The 2009 Credit CARD Act reduced overall borrowing costs to consumers by an annualized 2.8% of average daily balances, with a decline of more than 10% to consumers with the lowest FICO scores, resulting in a total savings to consumers of $20.8 billion per year, say Assistant Professor of Finance Johannes Stroebel and University of Chicago Booth School of Business Assistant Professor of Economics Neale Mahoney, together with their co-authors Sumit Agarwal (National University of Singapore) and Souphala Chomsisengphet (Office of the Comptroller of the Currency) in their new paper, “Regulating Consumer Financial Products: Evidence From Credit Cards.” The paper has been posted as National Bureau of Economic Research (NBER) Working Paper No. 19484.

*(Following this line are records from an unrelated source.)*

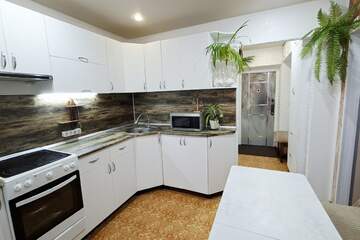 1-к квартира, 32 м², 1/6 эт.
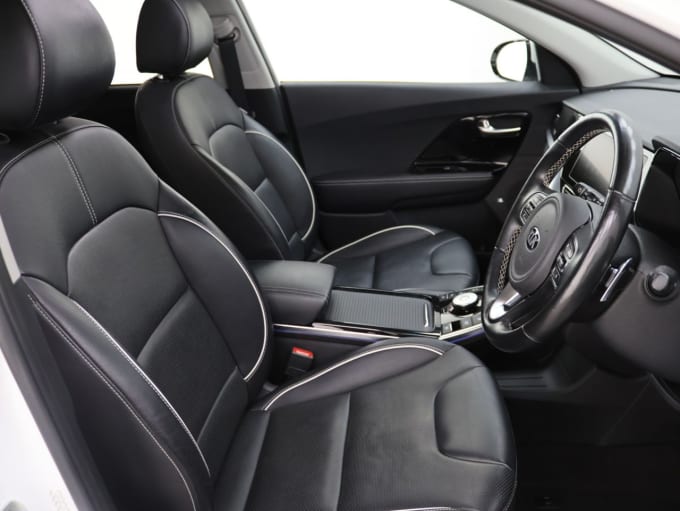 2025 Kia Niro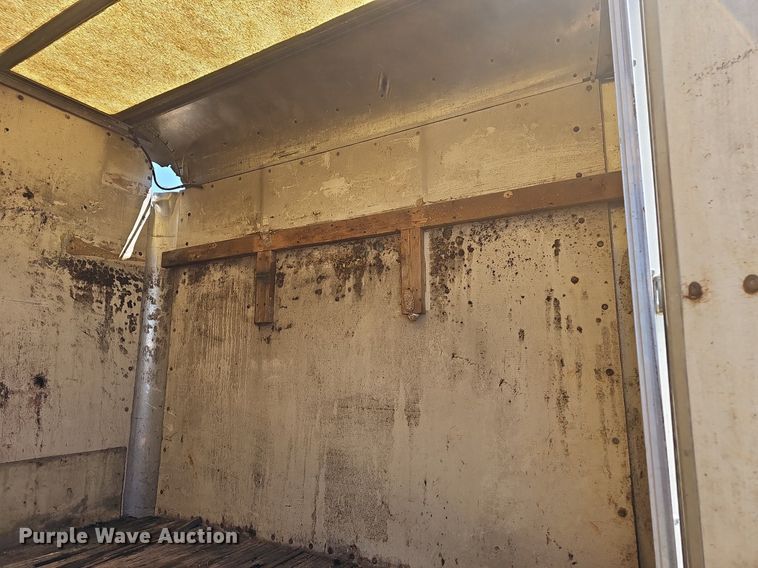 image for item MB9974 1997 Ford F450 Super Duty  box truck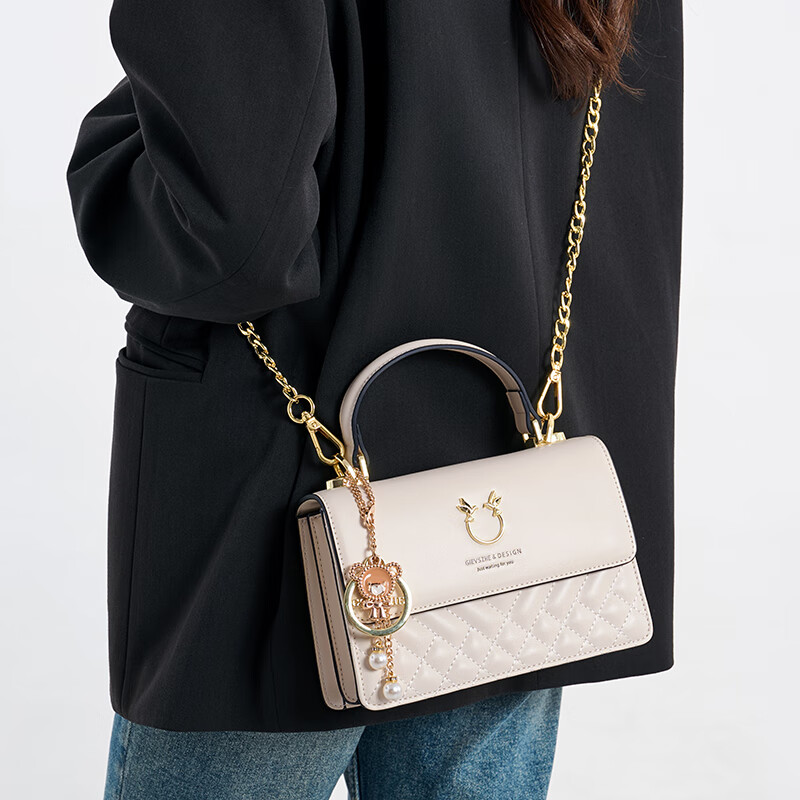 纪诗哲（GIEVSZHE）包包女包2025年新款轻奢侈女士单肩斜挎包情人节生日礼物送女友 米白色【2025新款/小熊挂件】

These cost reductions were achieved through regulating the frequency and magnitude of late fees and over-limit fees. The researchers found no evidence that banks offset these savings by increasing interest charges or reducing access to credit, challenging the argument that banks would find other ways to pass the costs of the credit card regulation on to consumers.

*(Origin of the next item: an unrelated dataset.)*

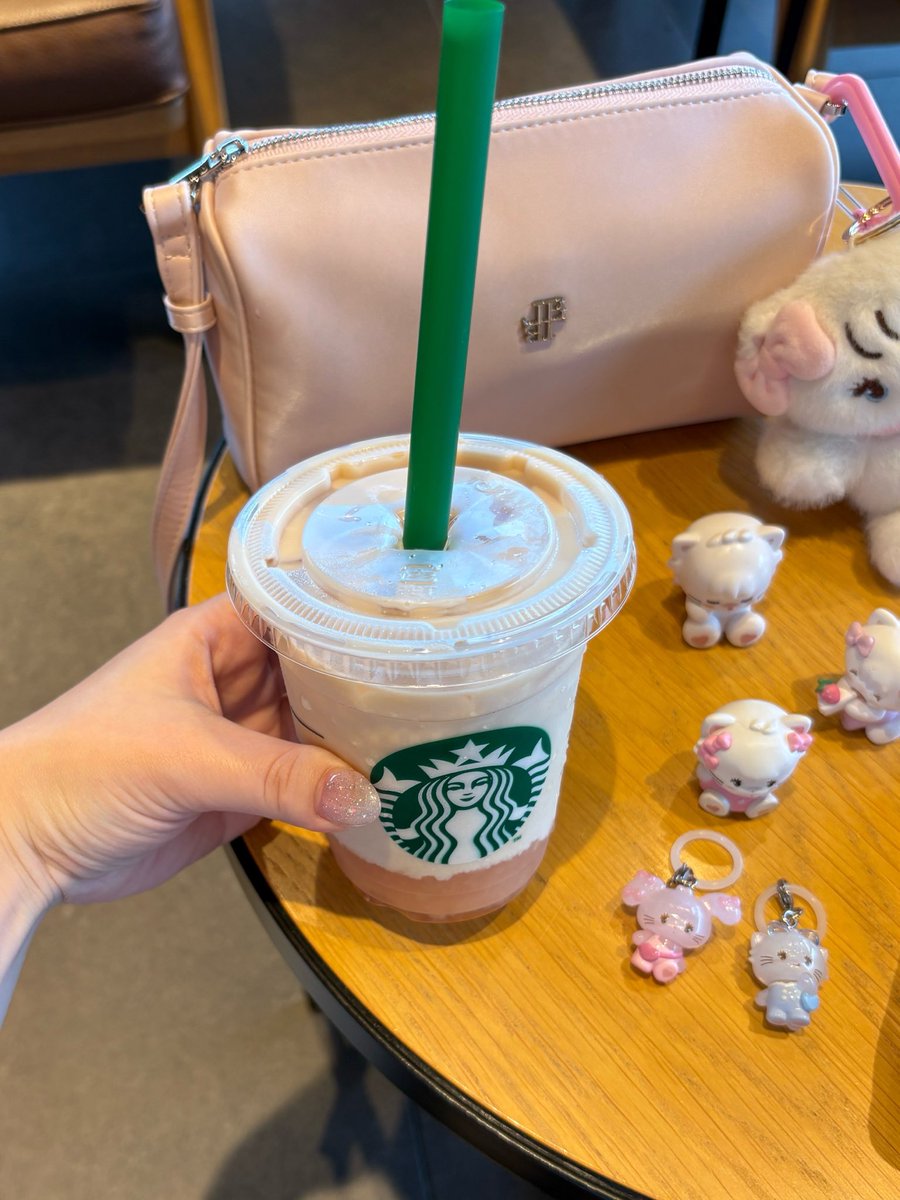 pipku13's tweet photo. ドパガキなのでこれ見てすぐ同じの飲み行った https://t.co/AzDTl6TrLS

The researchers also found a 0.5% increase in the number of people paying a monthly amount that would allow them to pay off their credit card balances in 36 months, likely as a result of the CARD Act’s requirement to prominently display the cost of balance repayment when making only minimum monthly payments vs. repaying the current balance within 36 months.

This research provides guidance for future consumer finance regulations by suggesting that: 1) banks do not necessarily pass on the cost of regulations to consumers in other ways, and 2) greater transparency in borrowing costs can affect repayment behavior and help consumers make better financial decisions.